> _Task to complete_:
Leave no picture in, and give every entry again exactly.

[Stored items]
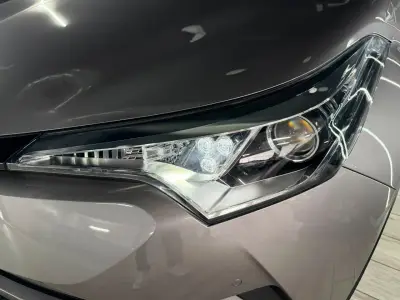 Toyota C-HR 2019 · foto 19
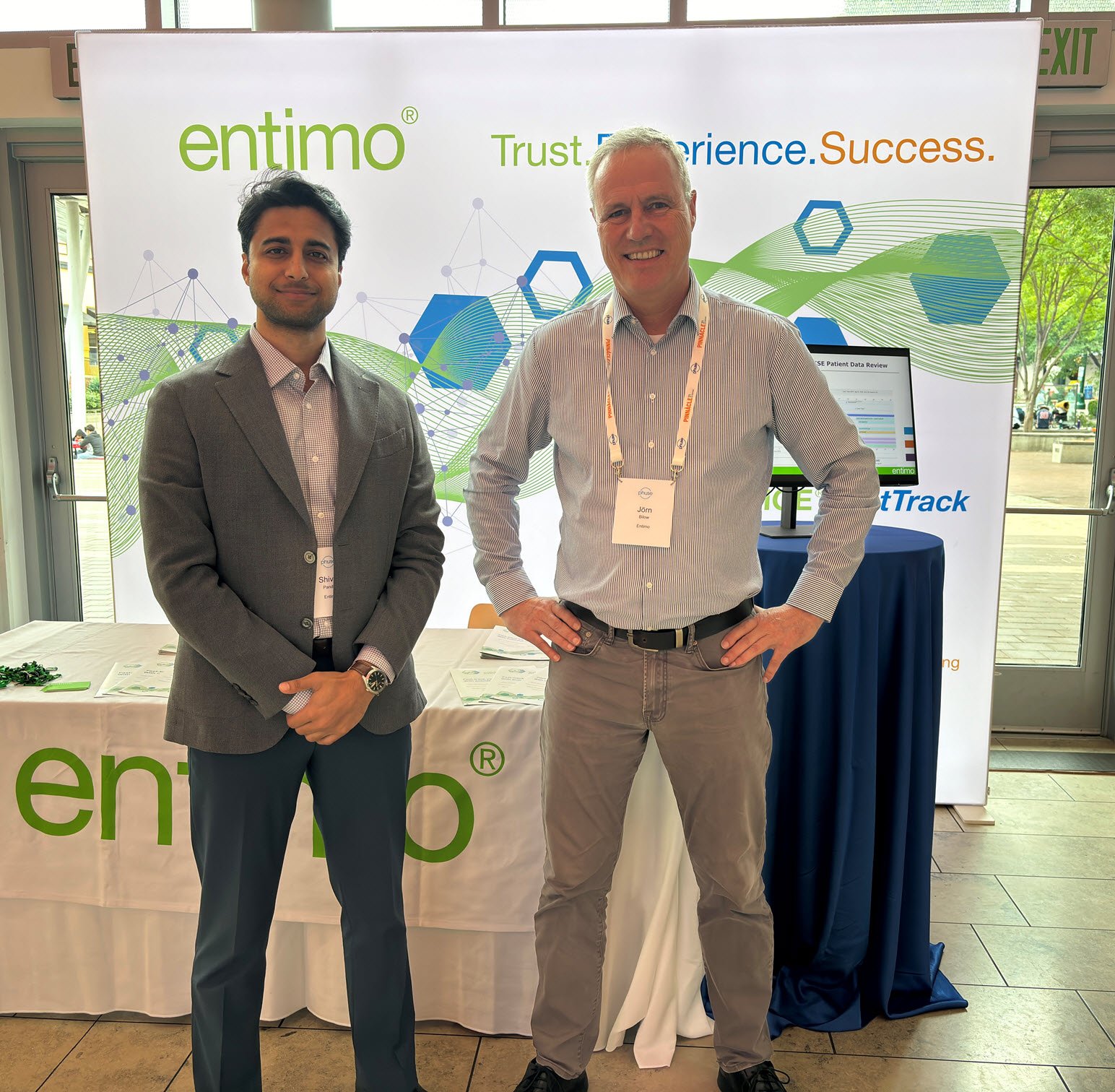 The entimo team at the 2024 PHUSE Computational Science Symposium in Silver Spring, Maryland: Shivoy Pandita (l) and Jörn Bilow (r)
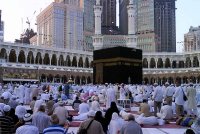 Rasulullah SAW tidak menyerang Makkah secara mengejut atau melakukan muslihat,sebaliknya memberikan peluang kepada penduduk Makkah untuk menyerah secara damai. - Gambar hiasan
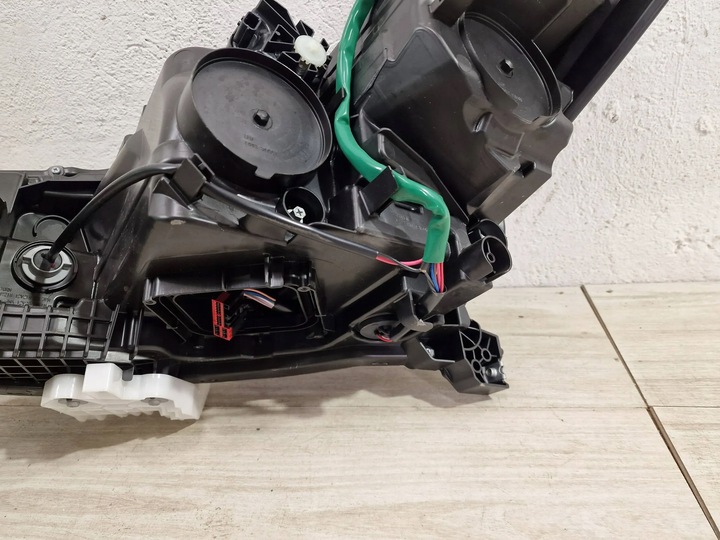 фото №10, Правая лампа перед nissan leaf ii 2 ze1 полный led 17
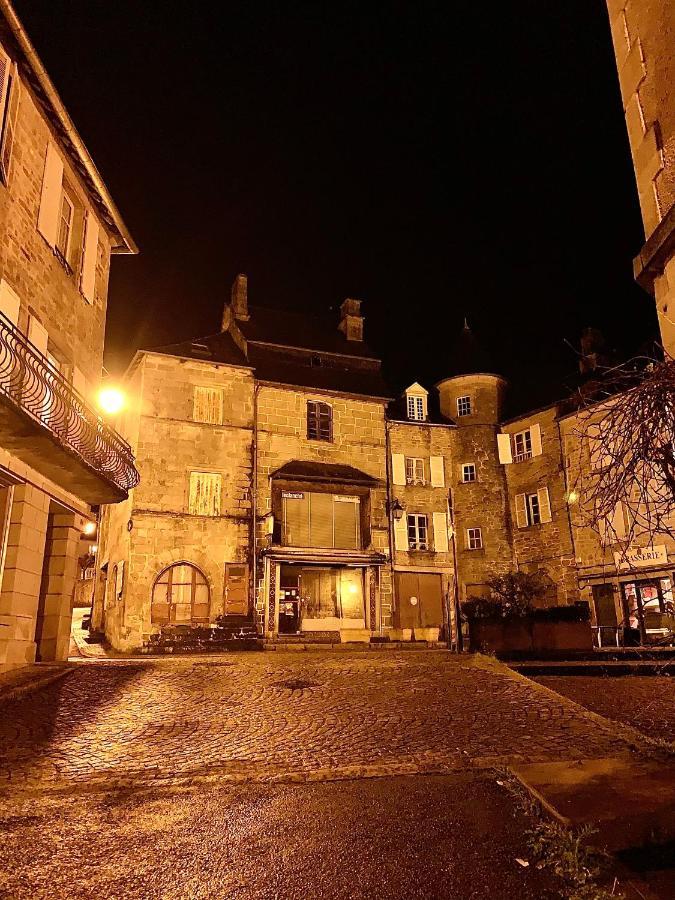 Treignac Tourelles Apartment Exterior photo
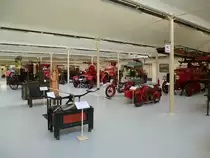 Vieux-Ferrette, Blick in eine Ausstellungshalle des Feuerwehrmuseums, geh�rt zu den gr��ten in Frankreich, Mai 2016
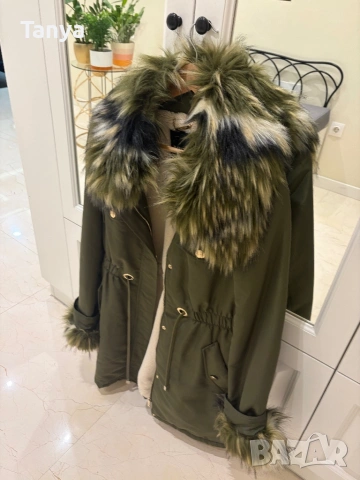 Зимна парка Marciano guess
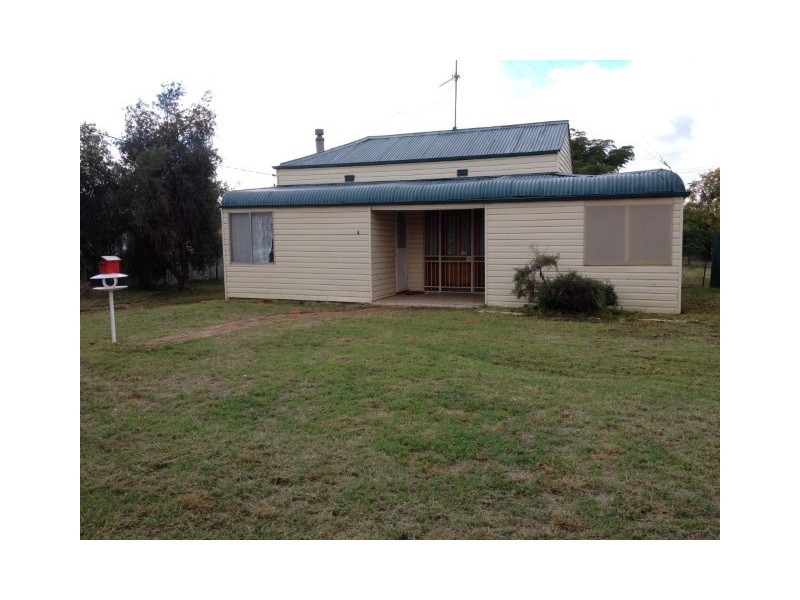 4 Fay Street, Condobolin NSW 2877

> _Response for this exercise_:
 Toyota C-HR 2019 · foto 19
 The entimo team at the 2024 PHUSE Computational Science Symposium in Silver Spring, Maryland: Shivoy Pandita (l) and Jörn Bilow (r)
 Rasulullah SAW tidak menyerang Makkah secara mengejut atau melakukan muslihat,sebaliknya memberikan peluang kepada penduduk Makkah untuk menyerah secara damai. - Gambar hiasan
 фото №10, Правая лампа перед nissan leaf ii 2 ze1 полный led 17
 Treignac Tourelles Apartment Exterior photo
 Vieux-Ferrette, Blick in eine Ausstellungshalle des Feuerwehrmuseums, geh�rt zu den gr��ten in Frankreich, Mai 2016
 Зимна парка Marciano guess
 4 Fay Street, Condobolin NSW 2877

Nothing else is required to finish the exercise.